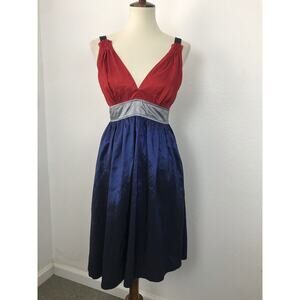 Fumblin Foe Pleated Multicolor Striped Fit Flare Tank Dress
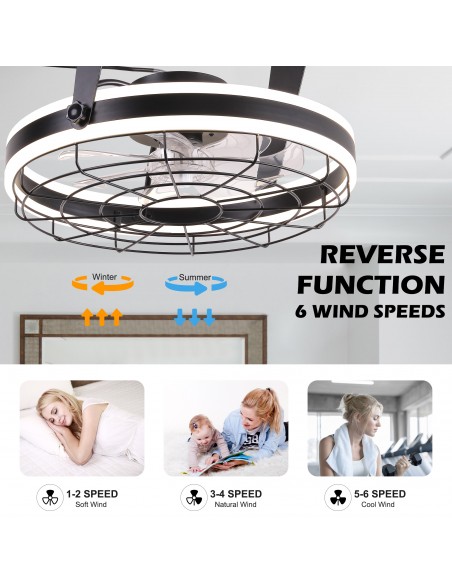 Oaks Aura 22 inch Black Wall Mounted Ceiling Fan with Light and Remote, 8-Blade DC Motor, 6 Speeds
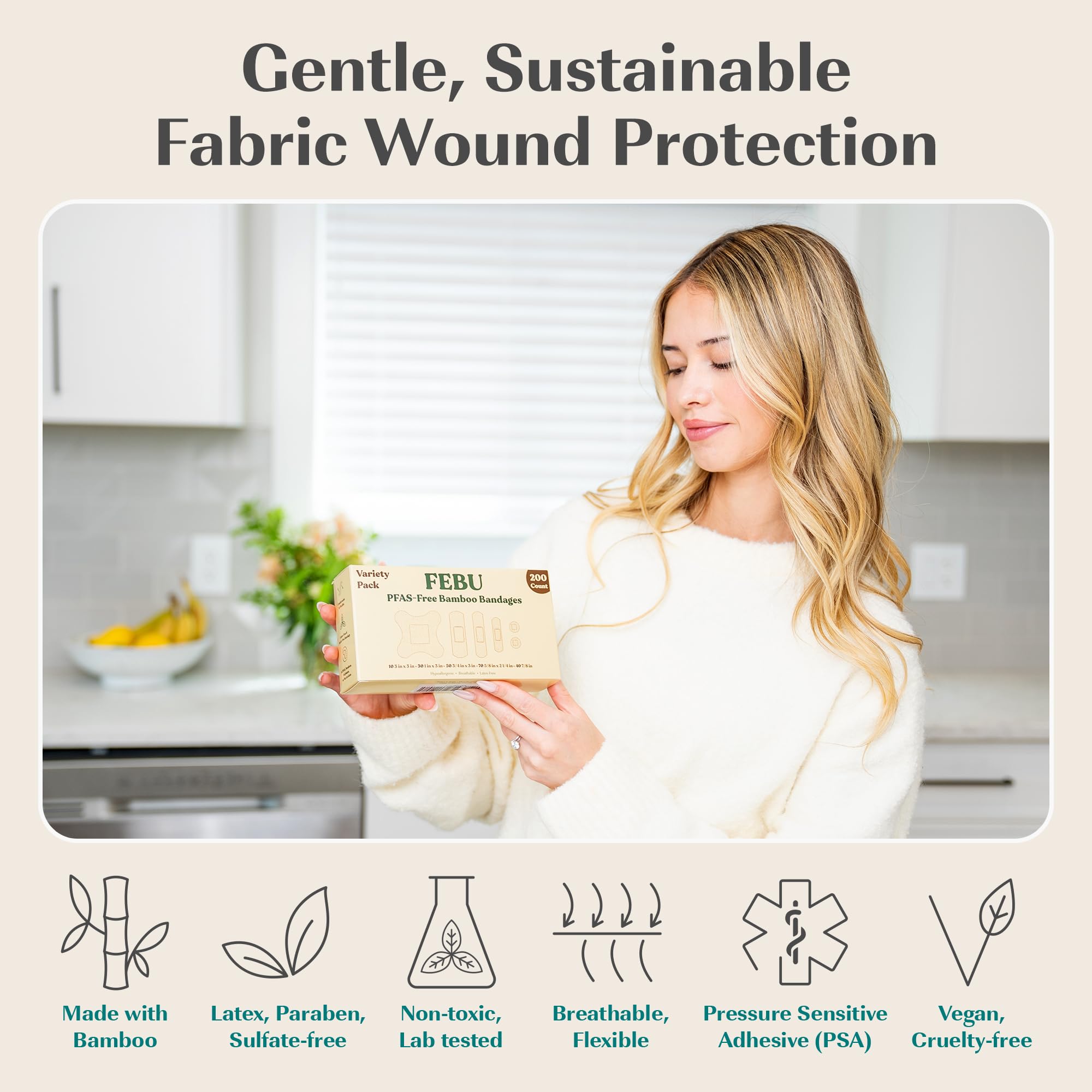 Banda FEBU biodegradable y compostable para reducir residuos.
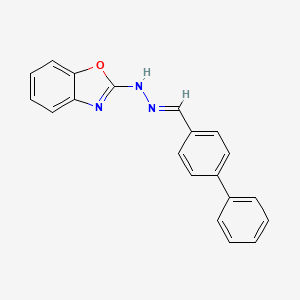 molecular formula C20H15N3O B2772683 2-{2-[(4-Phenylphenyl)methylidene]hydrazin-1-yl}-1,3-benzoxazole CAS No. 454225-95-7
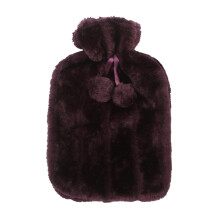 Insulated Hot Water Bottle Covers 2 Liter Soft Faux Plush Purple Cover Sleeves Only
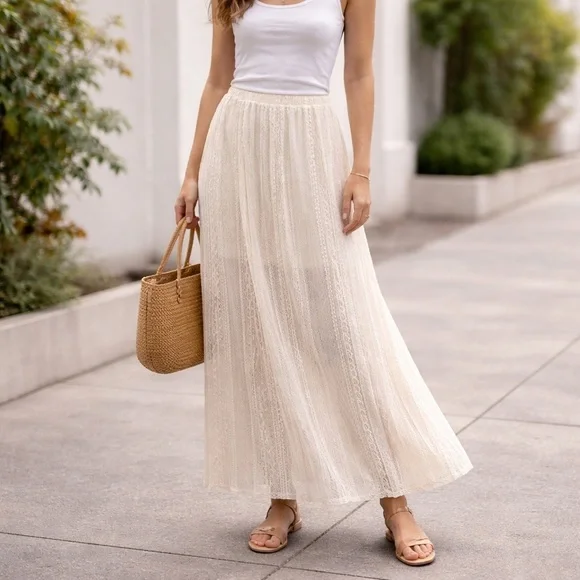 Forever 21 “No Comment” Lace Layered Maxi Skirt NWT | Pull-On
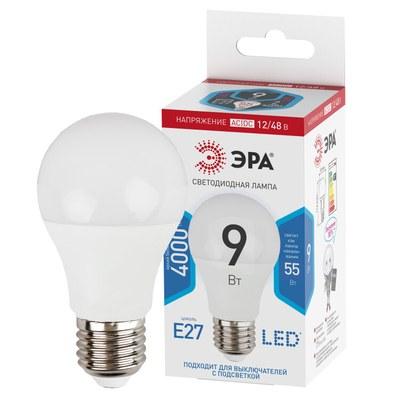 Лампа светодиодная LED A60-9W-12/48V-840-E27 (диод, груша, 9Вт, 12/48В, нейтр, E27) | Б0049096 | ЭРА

※

Your assignment
Copy the records above exactly, from the first line through the line containing "Banda FEBU biodegradable", and leave out the pictures.

Your response
 Fumblin Foe Pleated Multicolor Striped Fit Flare Tank Dress
 Oaks Aura 22 inch Black Wall Mounted Ceiling Fan with Light and Remote, 8-Blade DC Motor, 6 Speeds
 Banda FEBU biodegradable y compostable para reducir residuos.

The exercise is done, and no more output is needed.